899 resultados para Generalized Anxiety Disorder
Resumo:
Purpose: This study evaluated the relationship between anxiety levels and severity degrees of chronic orofacial pain of temporomandibular disorder in brazilian university students. Methods: 150 volunteers (117 men and 33 women), with age ranging from 17 to 30 years, were subjects to this study. Spielberger's trait-state anxiety inventory was used to evaluate trait and state anxiety of the students, while examination for chronic orofacial pain was performed in accordance with the Research Diagnostic Criteria for Temporomandibular Disorders (RDC/TMD).

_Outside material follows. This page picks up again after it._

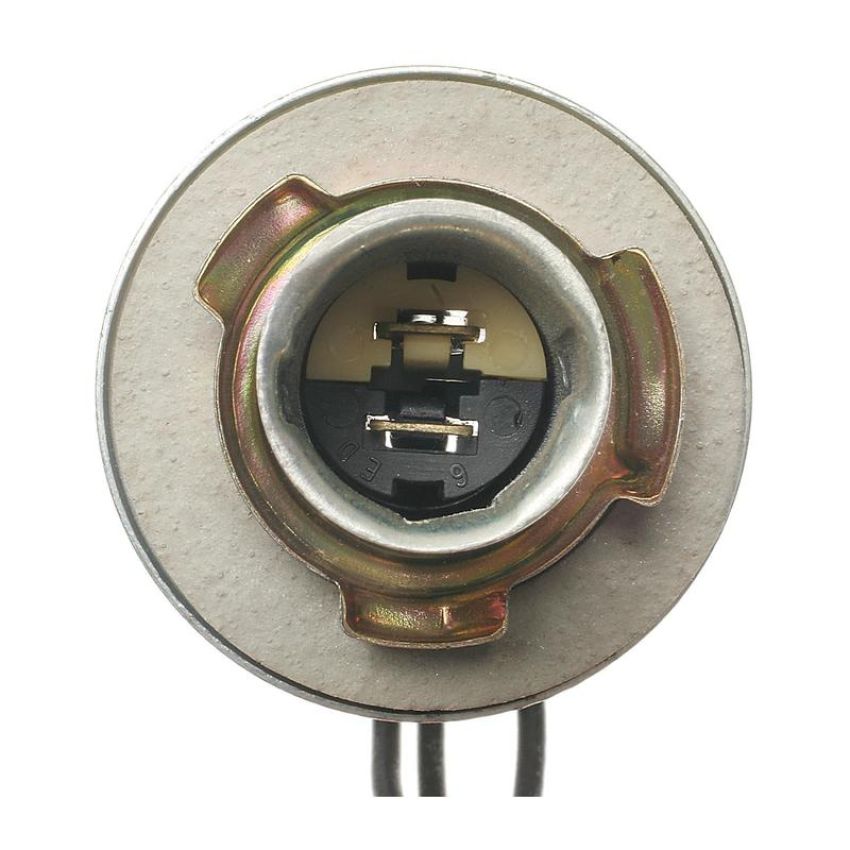 Standard Ignition S-68 Multi Function Socket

Association between anxiety levels and severity degrees of chronic orofacial pain was tested using the Chi-square test. The significance level was set at p<.05. Results: The results showed that 32.7% (n = 49) of the subjects exhibited TMD, and the intensity of chronic orofacial pain was classified as degree 1 in 85.7% (n = 42) and as degree 2 in 14.3% (n = 7) of them. Based on the results of the Spielberger's trait-state anxiety inventory, the majority of the students had moderate anxiety (48.6% and 48.1%, respectively). The correlation between trait-anxiety levels and chronic orofacial pain degrees was significant and positive (p<.05). However, no significant correlation was found to state-anxiety levels and chronic orofacial pain degrees (p>.05). Conclusion: It was concluded that chronic orofacial pain of TMD could be present in university students and anxiety may be related. © 2010 Japan Prosthodontic Society. Published by Elsevier Ireland. All rights reserved.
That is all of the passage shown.